Gigantesques et intimement liées à la nature, deux sculptures intitulées The Monk (2014) et Two Figures with a Drum (2013) ont l’allure de monstres sous-marins ornés de faux coraux qui avaient notamment été exposées à la Punta della Dogana durant la Biennale de Venise en 2017, et retrouvent ainsi à Saint-Moritz leur habitat naturel, des fonds du lac à sa surface gelée. Au centre de cette étendue glacée, comme un disciple du Christ, un moine sculpté par Damien Hirst semble méditer impassiblement à la surface de l’eau tandis que son corps de bronze se glace un peu plus chaque jour. Car dans cette exposition, au sens propre comme au figuré, l’artiste britannique n’a pas froid aux yeux : au-dessus du lac, il installe un immense buste d’un homme dénudé jusqu’à être disséqué, dévoilant sans omissions organes, veines rouges, boyaux et muscles gonflés. Intitulée Temple (2008), la sculpture grandeur plus que nature étonne jusqu’à donner la chair de poule. 

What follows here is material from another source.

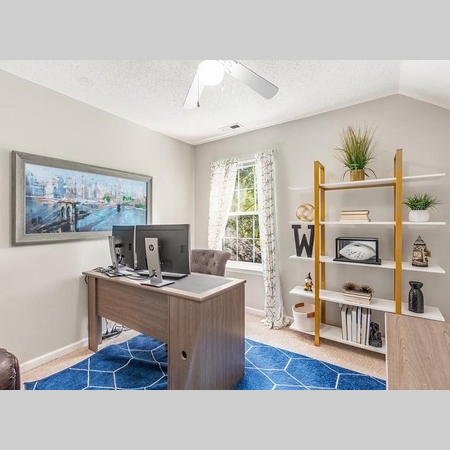Coliving in Woodcroft - Durham, Raleigh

Damien Hirst, The Monk, 2014. Installed in St Moritz, 2021. Photographed by Felix Friedmann © Damien Hirst and Science Ltd. All rights reserved, DACS 2021

C’est peut-être bien dans ce déballage d’entrailles qu’apparaît le sens du titre de l’exposition, “Mental Escapology”. L’escapologie, une technique de prestidigitation définie comme “art de l’évasion”, désigne la capacité de celui ou celle qui la pratique à se défaire de toutes sortes d’entraves (coffre, cordes, chaînes…). Ainsi, tandis que l’homme tronqué par Damien Hirst se défait visiblement de l’entrave de sa chair, son moine pourrait bien se libérer invisiblement de l’entrave de son esprit grâce à la méditation. Curieuse surprise de son exposition en plein froid hivernal : des éclats de gel se sont formés sur ses coraux incrustés. Sous le soleil des montagnes, son corps de bronze brille comme du cristal, comme pour sublimer visuellement cette illumination spirituelle. 

 

Ce dont Damien Hirst vise-t-il à se défaire, ou à nous défaire, avec cette “escapologie mentale” n’est cependant pas entièrement clair. Peuplée de ces figures anthropomorphes, son exposition pourrait peut-être inverser la sacralisation du corps humain et la désacralisation de la nature, sur lesquelles reposent nos sociétés occidentales… Car ce n’est pas la première fois que l’artiste se joue de ces réalités : lors de sa dernière grande exposition public à la Biennale de Venise en 2017, l’artiste avait inventé une histoire fantastique relatant la découverte au large de l’Afrique de l’Est d’une collection d’artefacts précieux enfouis sous les eaux depuis deux mille ans. Désormais sorti des profondeurs, le faux moine au corps difforme regarde à Saint-Moritz ce temple qu’est le géant à l’anatomie parfaitement reconstituée, que les visiteurs se garderont sans doute de regarder trop longtemps. Par peur d’attraper froid…aux yeux ou à l’esprit.